MATERIAL PROVIDED:
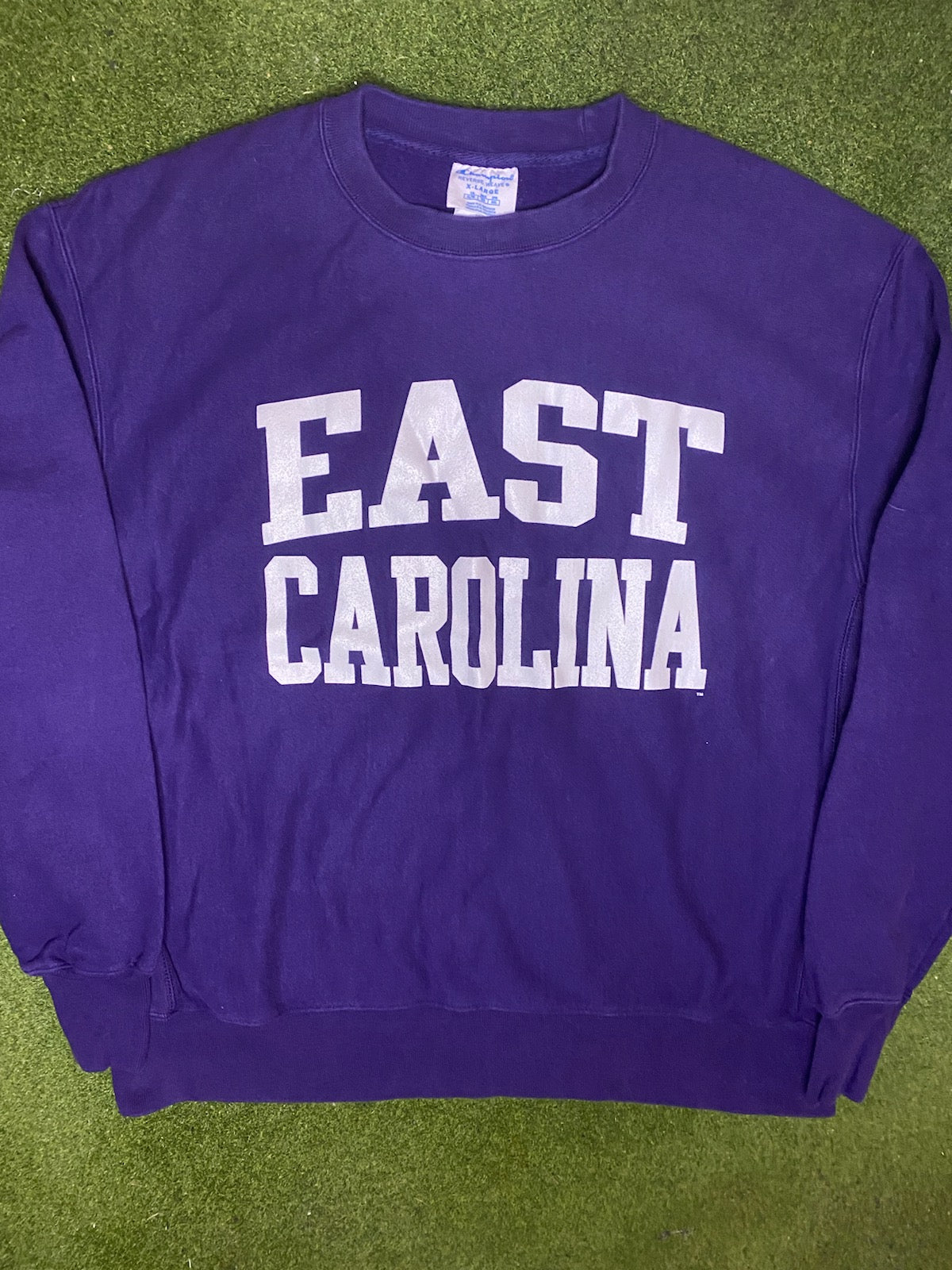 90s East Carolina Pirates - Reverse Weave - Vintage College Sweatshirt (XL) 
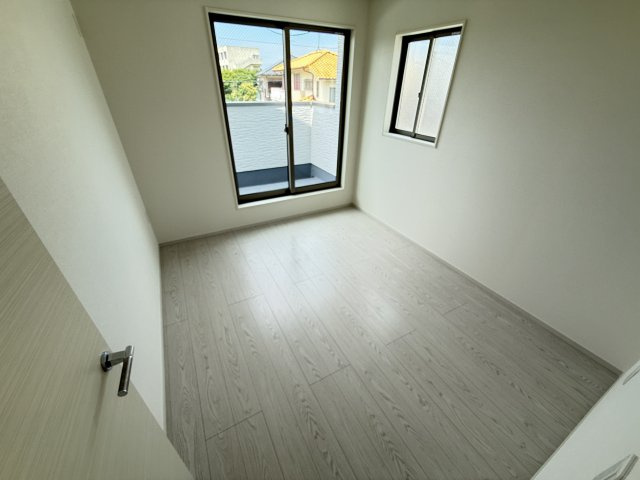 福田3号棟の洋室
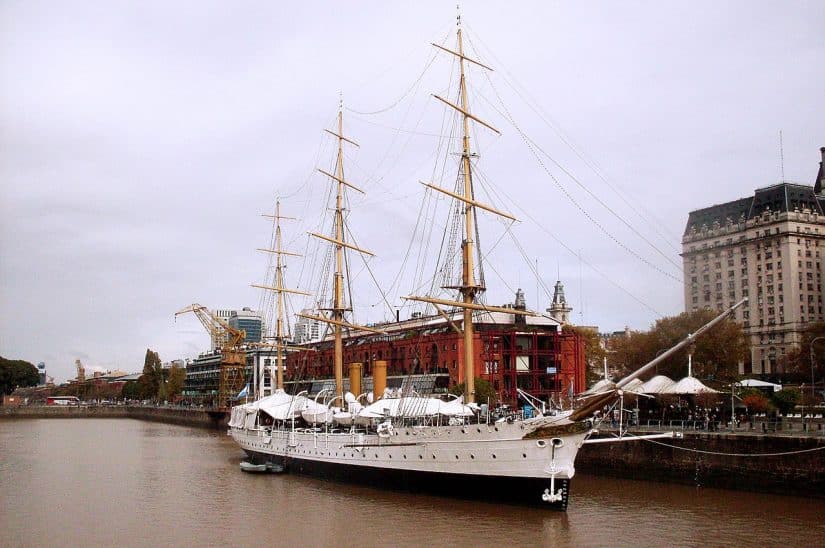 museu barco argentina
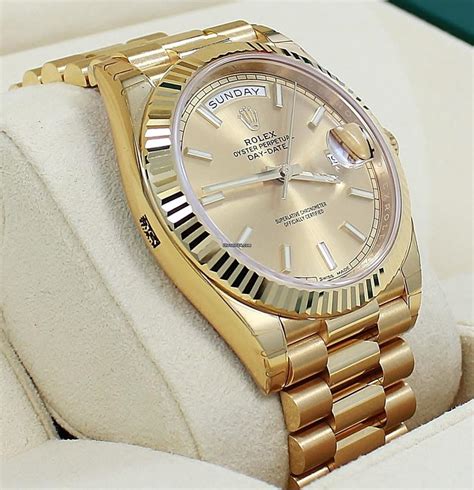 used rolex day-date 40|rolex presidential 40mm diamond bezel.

PROBLEM DESCRIPTION: Print the data above exactly, minus pictures.

TASK OUTPUT:
 90s East Carolina Pirates - Reverse Weave - Vintage College Sweatshirt (XL) 
 福田3号棟の洋室
 museu barco argentina
 used rolex day-date 40|rolex presidential 40mm diamond bezel.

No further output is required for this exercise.